It is with the world number one in batteries, the Chinese CATL, that Stellantis has joined forces to equip its smallest electric cars. The two partners intend to develop batteries based on lithium, iron and phosphate (LFP), more durable but less powerful than NMC (nickel-manganese-cobalt) batteries, which equip most recent electric vehicles.
Thus, Citroën unveiled in mid-October the first electric version of its emblematic C3, signing a strong start in the race for the electric entry-level, with a car costing 23,300 euros, which will be followed by a version with reduced autonomy, at 19,990 euros.
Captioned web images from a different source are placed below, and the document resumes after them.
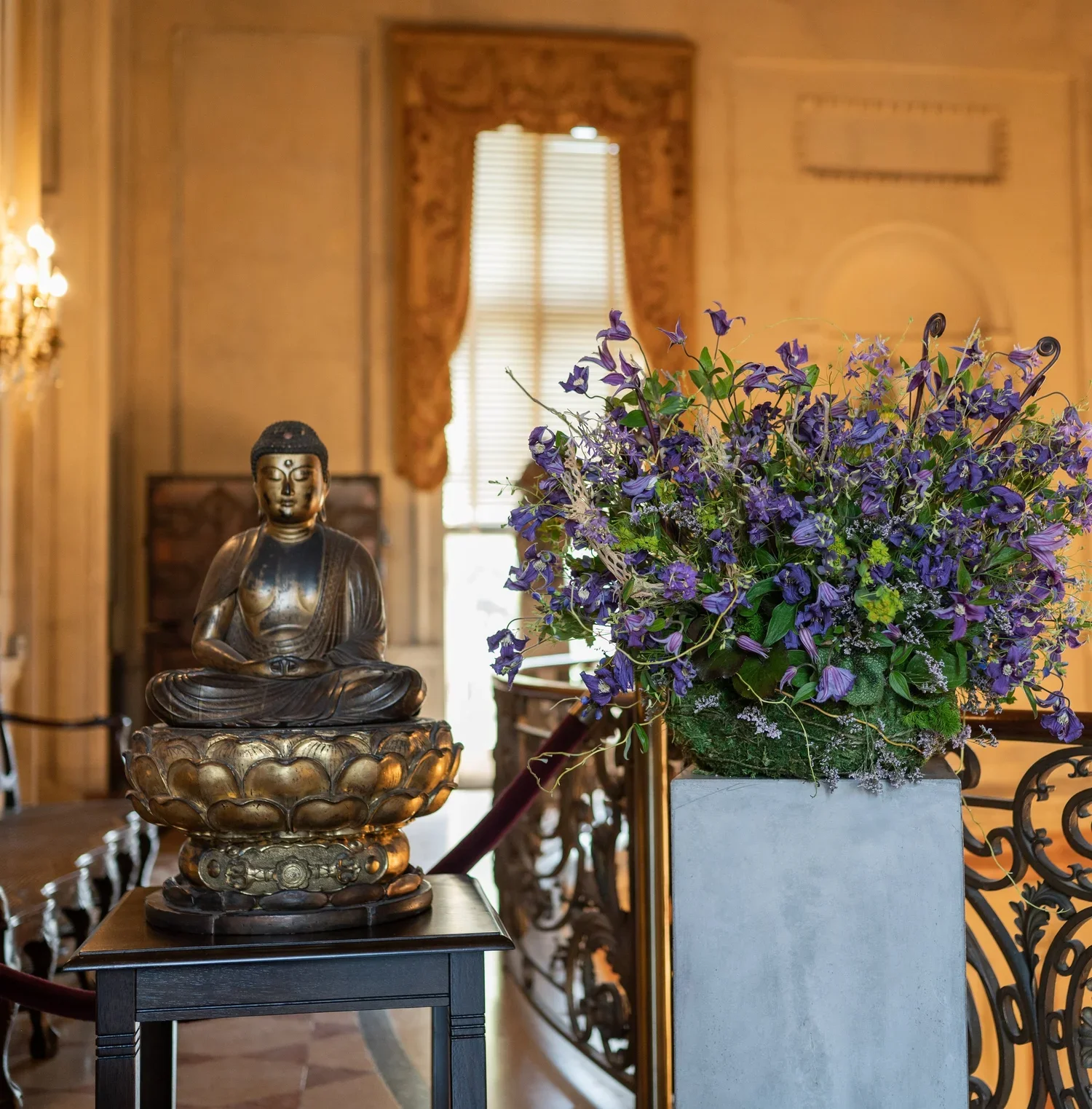 Buddha Seated on Lotus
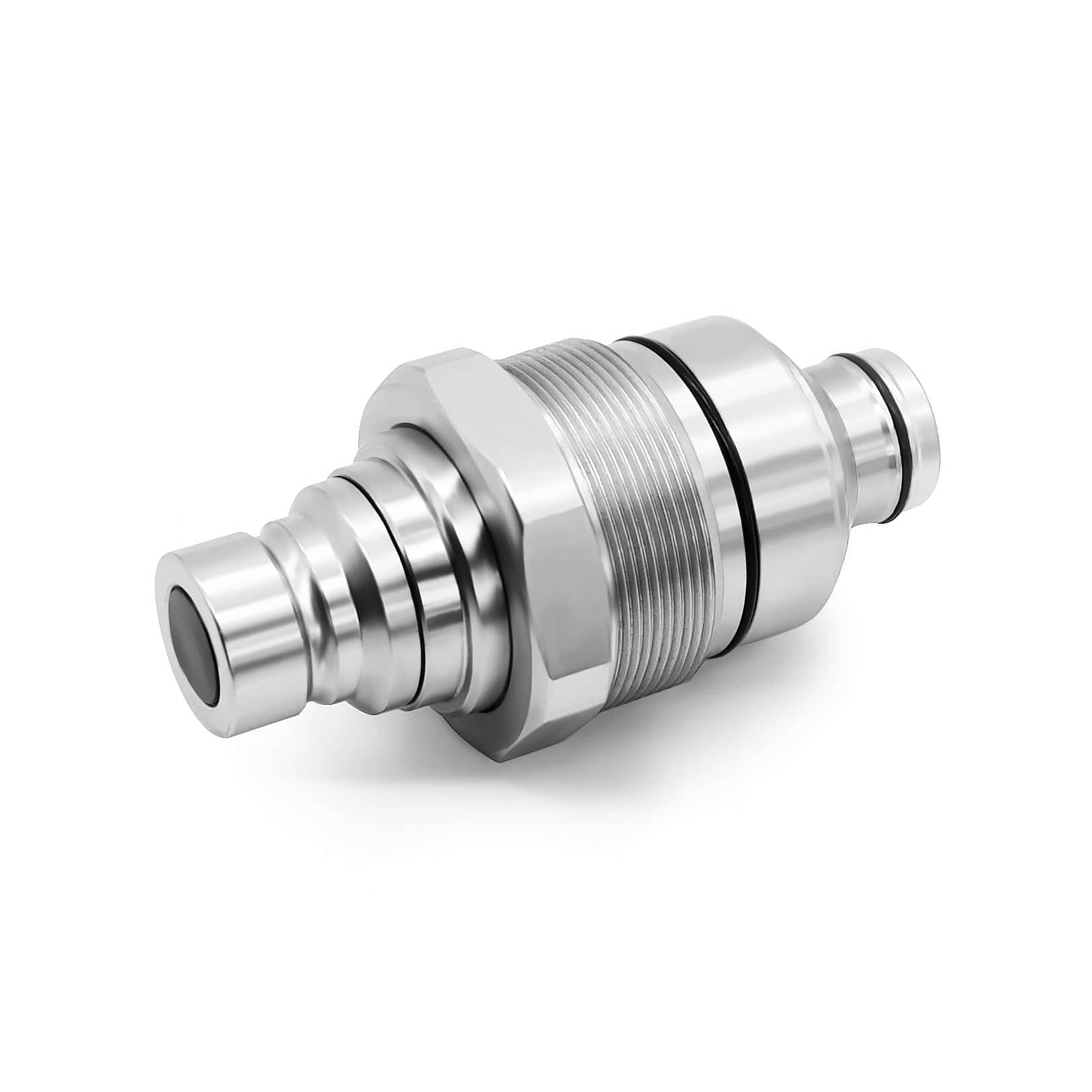 Conector rápido macho hidráulico de cara plana Nakkaa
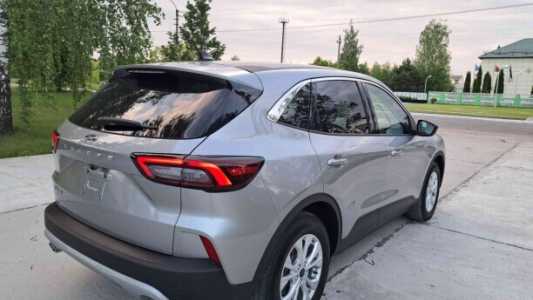Ford Escape IV  Рестайлинг, 2024, пробег 19000 км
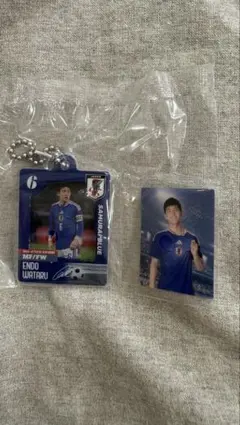 サッカー日本代表 キーホルダーのサムネイル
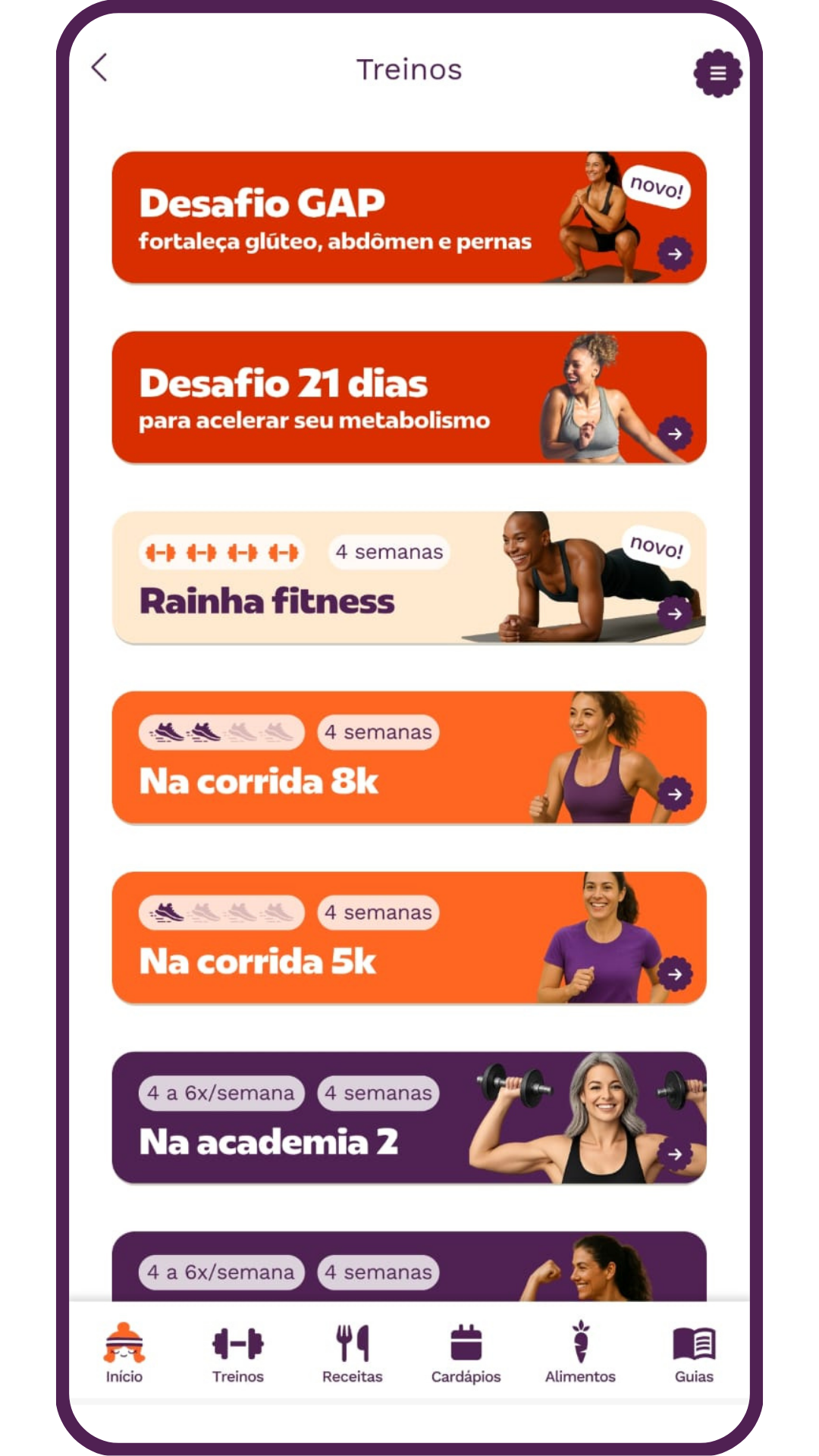 Home 9 superela-app-exercicios-treinos-receitas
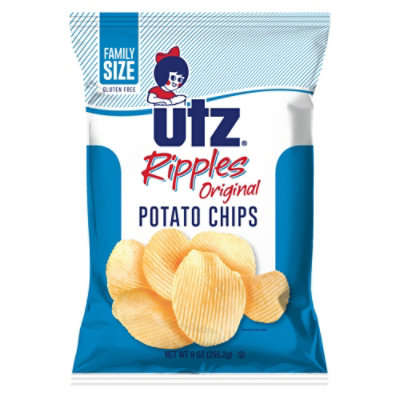 Utz Ripple Potato Chip 9 Oz Vons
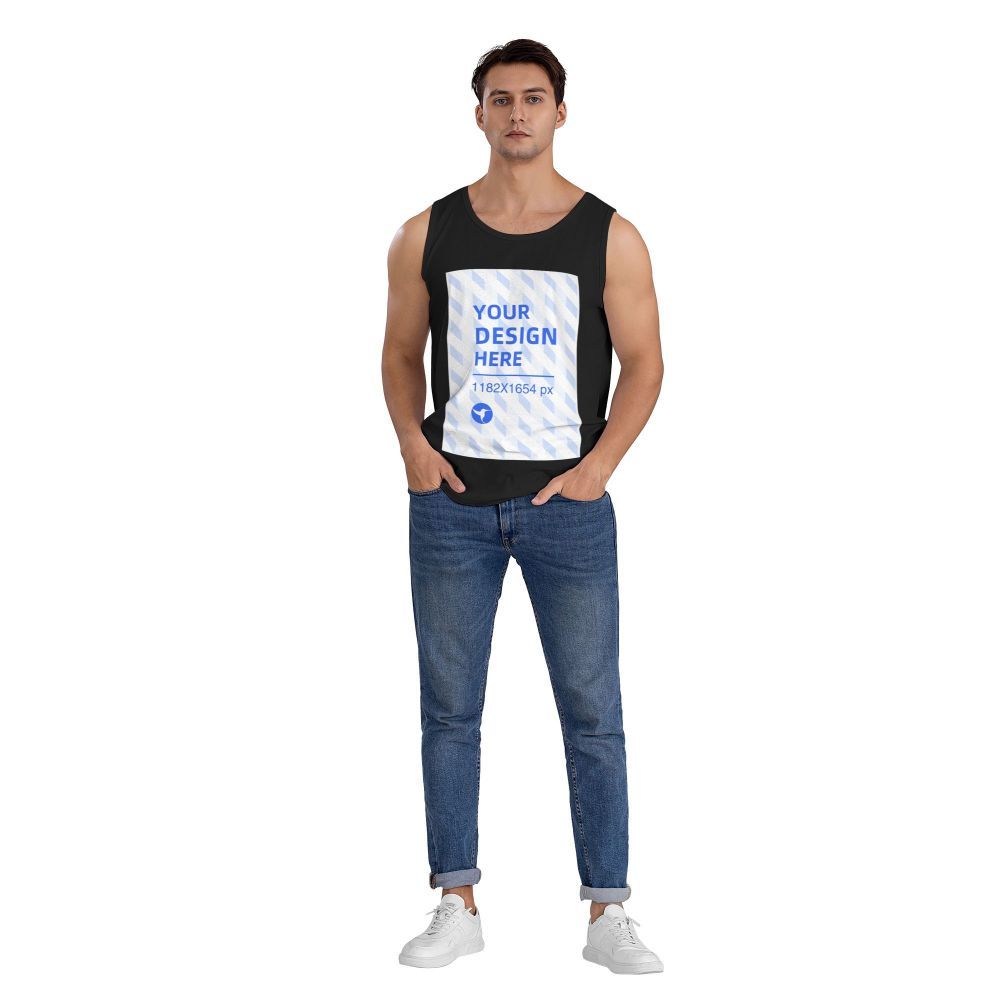 Simple And Practical Men's Sports And Leisure Vest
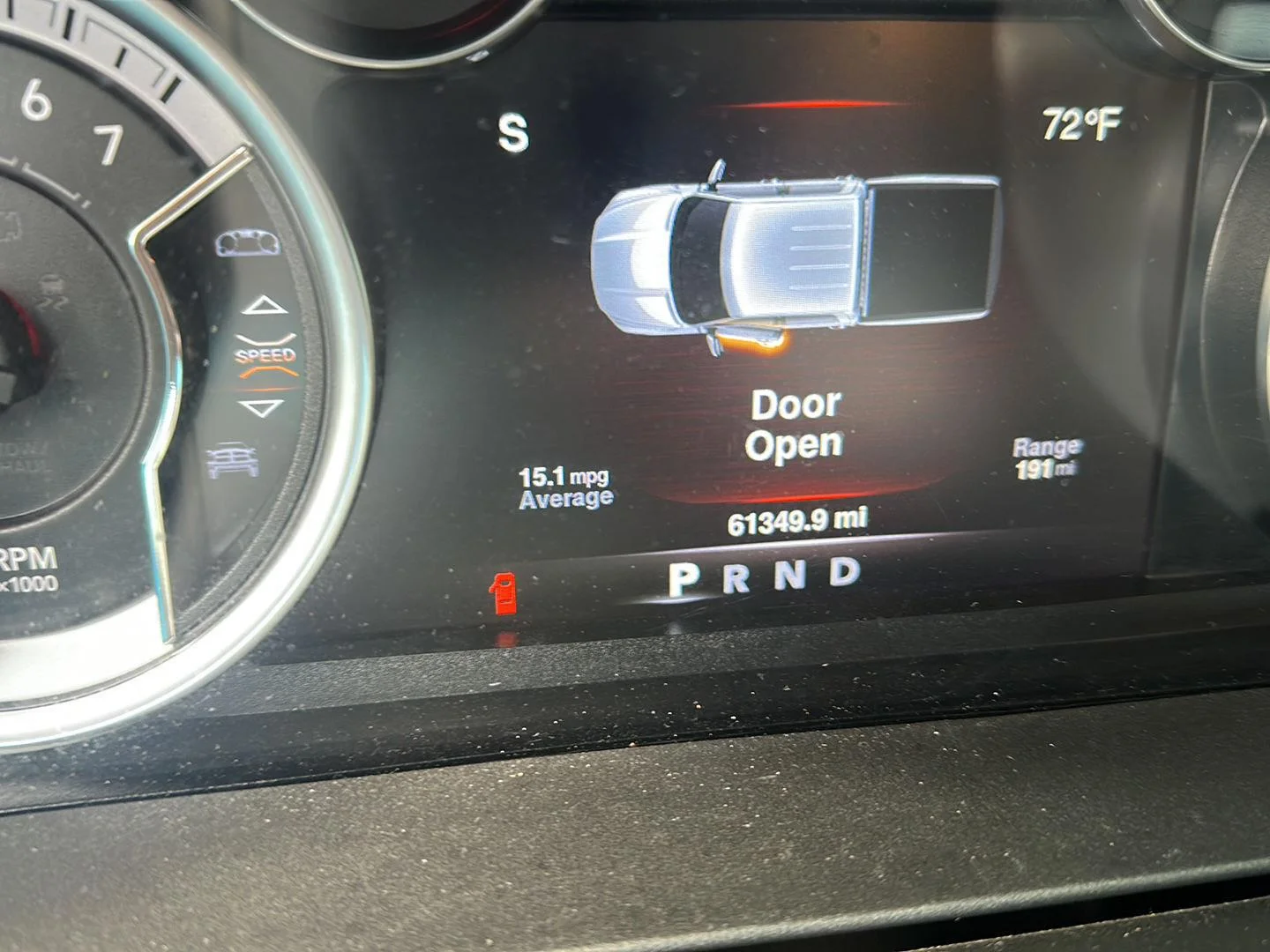 Used 2020 Flame Red Clearcoat Ram Warlock image 6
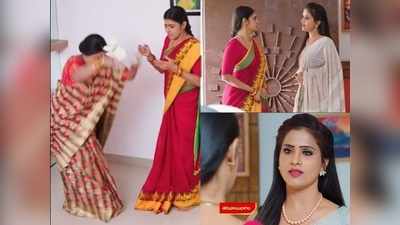 Gruhalakshmi Serial జూన్ 25 (ఈరోజు) ఎపిసోడ్: తులసికి ఇచ్చిపడేసిన లాస్య.. ఎక్కువ మాట్లాడితే బయటకి గెంటేస్తా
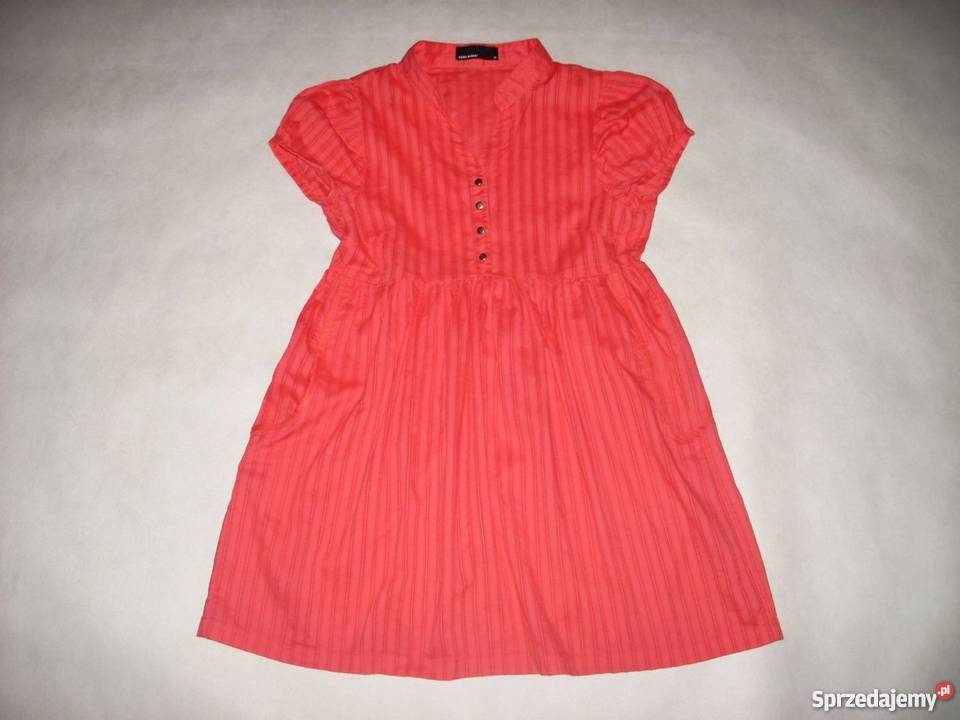 VERO MODA sukienka tunika bawełna stójka XS S Vero Moda Nowy Sącz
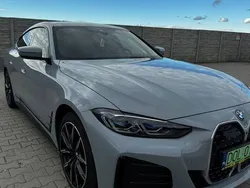 Szary Używany 2024 BMW i4 Sedan/Limuzyna | 240 000 zł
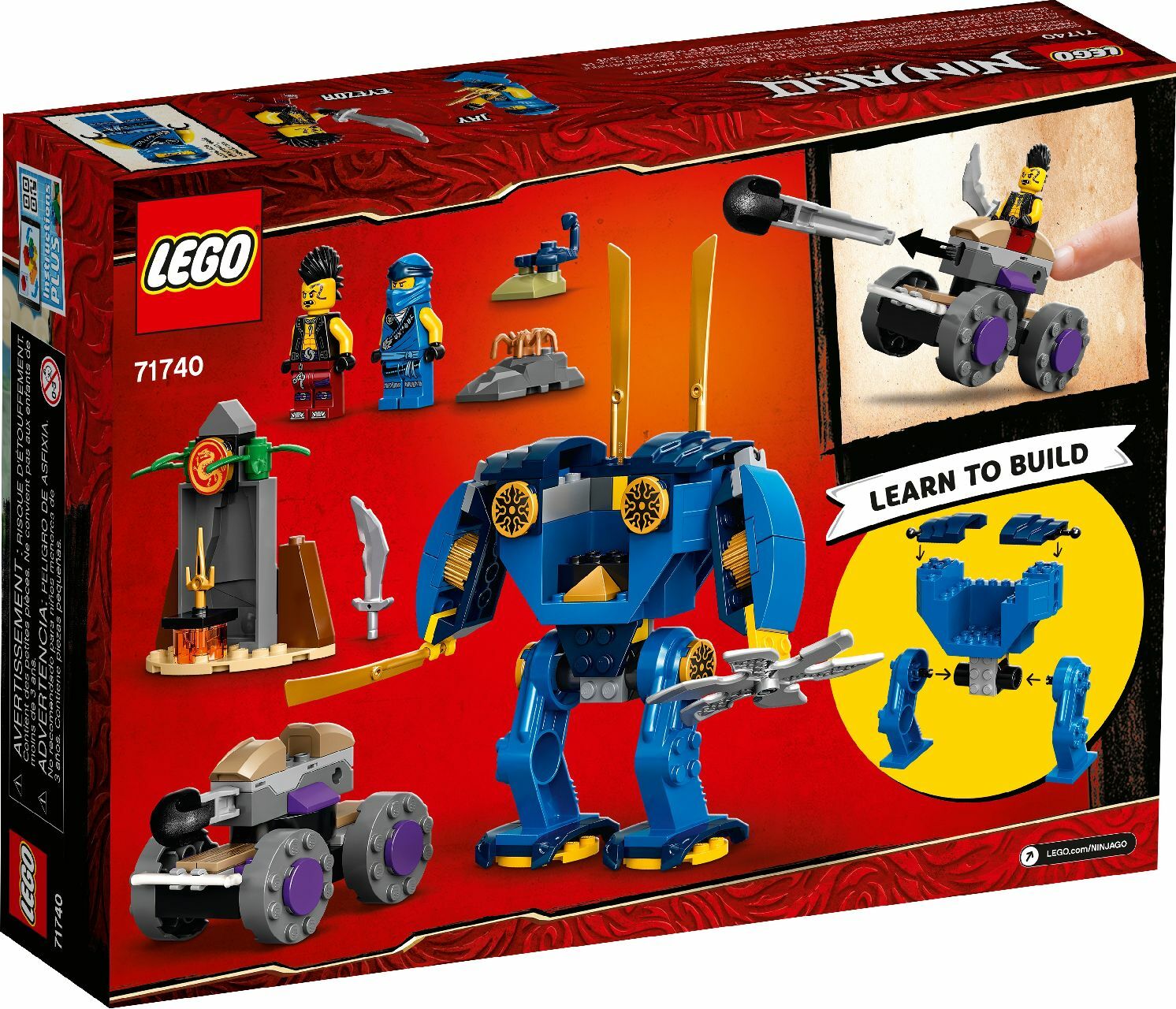 LEGO® NINJAGO® Jay's Electro Mech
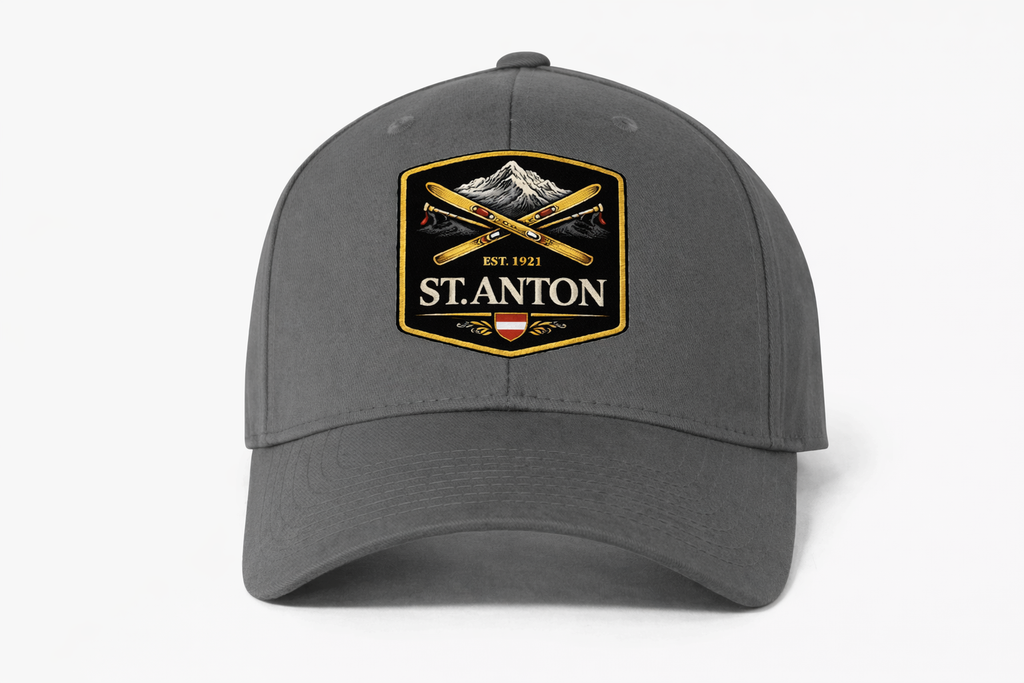 St. Anton – Alpine Prestige Cap Charcoal – Limited Edition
The LFP battery, 44 kWh, can be connected to fast charging at 100 kW, for “ go from 20 to 80% capacity in just 26 minutes » specifies the company. The same recharge from a standard outlet will take between 2h50 and 4h10.
Those are ” moderate cost batteries, with decent autonomy “, A ” good compromise » which offers 200 to 400 kilometers of autonomy, argued Maxime Picat, purchasing director at Stellantis, during a conference call.
The two companies are considering a “ long-term collaboration »
CATL will supply Stellantis’ European factories with LFP battery cells and modules, intended to power the European production of Stellantis electric vehicles. The two companies are also considering creating a joint venture to “equivalent contribution”sealing a “ long-term collaboration between CATL and Stellantis ”, with on the one hand “ developing a bold technology roadmap to support the commercialization of Stellantis’ electric vehicles “, And on the other hand ” identifying new opportunities to strengthen the battery value chain “. The construction of a battery factory in Europe is therefore envisaged. Its size and location will be specified “ in a second time », indicated Maxime Picat.
“ The long lifespan and excellent thermal stability of LFP technology will enable Stellantis to market high-quality, durable and affordable electric passenger cars, crossovers and SUVs in the B and C segments », i.e. compact cars and small family cars, specifies Stellantis in a press release.
At the end of October, Stellantis also announced that it had taken 20% of the Chinese electric car manufacturer Leapmotor and founded a joint venture with it aimed at the international market. An investment of 1.5 billion euros for Stellantis which comes at a time when European brands are trying to avoid a debacle in a highly contested Chinese electric market by cooperating with local manufacturers, like this summer of Volkswagen and XPeng.
Volkswagen and Renault are also considering equipping their next economic models with LFP batteries. The American manufacturer Ford, for its part, also joined forces with CATL to build an LFP battery factory in Michigan, but work was suspended at the end of September due to questions about the profitability of the site, once it is operational.
A supply chain dominated by China
The current reference model for global automobiles is the lithium-ion battery, the two most common types of which are NMC (nickel-manganese-cobalt) and LFP (lithiated iron phosphates). NMCs have a shorter lifespan but higher energy density than LFPs. Mining nickel and manganese, two materials needed for NMC batteries, is also more harmful to the environment.
There are other large families of lithium batteries including NCA (nickel-cobalt-aluminum), also used by the automobile industry. The four strategic metals are lithium, cobalt, nickel and manganese in order to store large quantities of energy in a compact format. The supply chain is dominated by China, which controls 75% of lithium refining and 50% of cobalt.